January 14th is National Hot Pastrami Sandwich Day. (National Reuben Sandwich Day is March 14th.)
The classic Jewish deli pastrami sandwich came to New York City with Romanian-Jewish immigrants in the latter half of the 19th century.
Pastrami is spicy cured brisket of beef. The brisket is salt-brined, seasoned with herbs and spices, and hot smoked.
The typical pastrami spice-and-seasoning blend includes coriander seeds, dark brown sugar, granulated garlic, ground black pepper, ground cloves, kosher salt, smoked paprika and yellow mustard seeds.
The spiced, smoked pastrami is then chilled and steamed (it is often kept warm on a steam table). In New York, it is thinly sliced (sometimes medium, but never thick) and served warm on caraway-seeded rye bread with a pot of brown deli mustard, accompanied by dill pickles and coleslaw.
Deli mustard, by the way, is an American invention made from coarsely ground mustard seeds. It should have a hint of horseradish. The combination is the perfect accent to fatty pastrami and corned beef—and is delicious on ham, roast beef, turkey and everything else.
In New York, the drink of choice is a can of Dr. Brown’s Black Cherry, Cel-Ray or Cream Soda, regular or diet (we wouldn’t turn down a good beer).
The name pastrami comes from Romanian pastramă, a derivation of a word that means to conserve food.
Pastrami came to the U.S. with a wave of Jewish immigration from Bessarabia and Romania, in the second half of the 19th century. The word modification “pastrami” likely occurred then.

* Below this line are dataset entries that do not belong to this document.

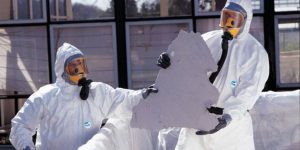 Two asbestos testers examining an asbestos tile to estimate asbestos renovation cost.

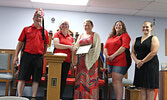 Tara Drew (centre) of Drew Osteopathy accepts a certificate of appreciation from First Lady Lindsey Lorteau (second from left) while Potentate Denis Lorteau (far left) looks on. Drew is joined by members of the Sioux Lookout Shrine Ladies Golf Tournament 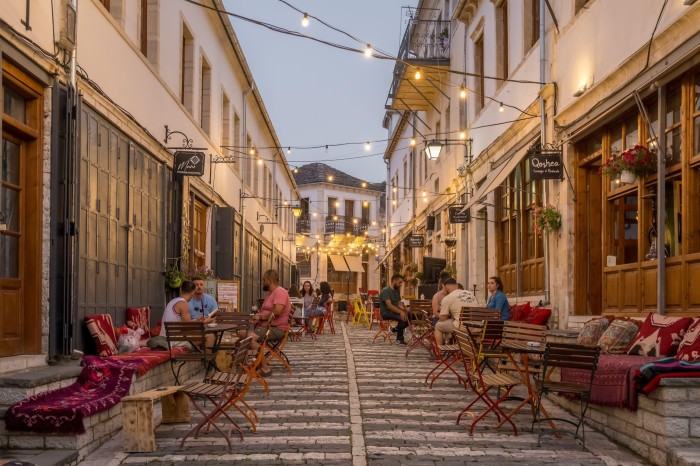 A cobbled path between buildings, with open air cafes and fairy lights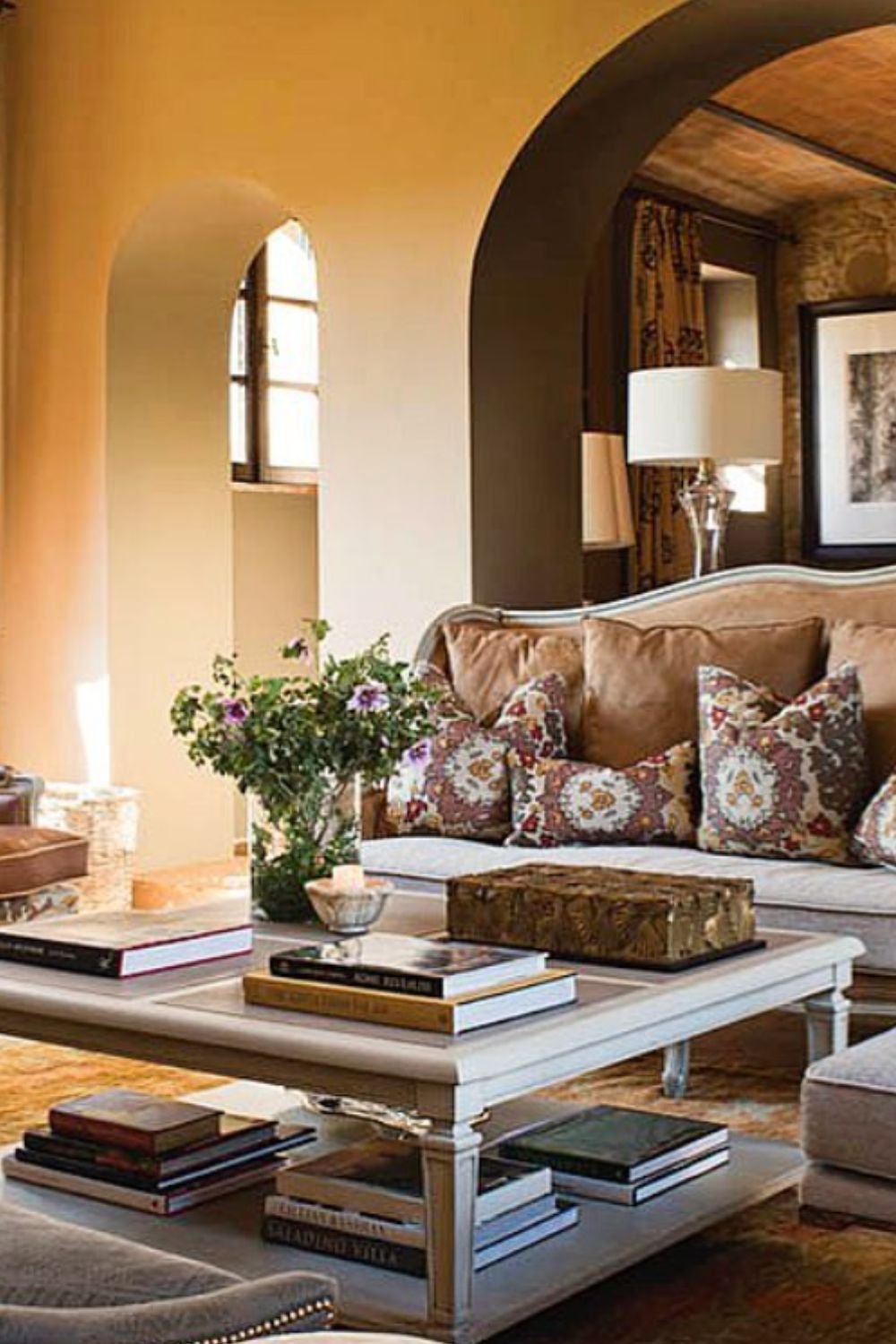 Warm living space with arched doorways, patterned sofa, and rustic coffee table – tuscan style home interior design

In the Old Country, Jewish Romanians commonly used goose breasts were to make into pastrami; they were inexpensive.
But in the U.S., beef navel was cheaper than goose, so the Romanian Jewish immigrants adapted their recipe and began to make beef pastrami.
New York’s Sussman Volk is generally credited with creating the first pastrami sandwich, in 1887.
Volk, a kosher butcher and immigrant from Lithuania, claimed he got the recipe from a Romanian friend in exchange for storing the friend’s luggage.
According to his descendant, Patricia Volk, he sold the pastrami on sandwiches at his butcher shop.
The sandwich was so popular that Volk converted the butcher shop into a restaurant to sell pastrami sandwiches [source].
As pastrami traveled to different cities, it was “adapted”—to the horror of a New York deli purist—to include Italian rolls, soft rolls giardiniera, even (gasp!) marinara sauce and mayonnaise. The Kansas-style brisket with barbecue sauce was added to the list.
These versions are what Jewish New Yorkers call “goyishem,” meaning “in the manner or style of a non-Jewish person.”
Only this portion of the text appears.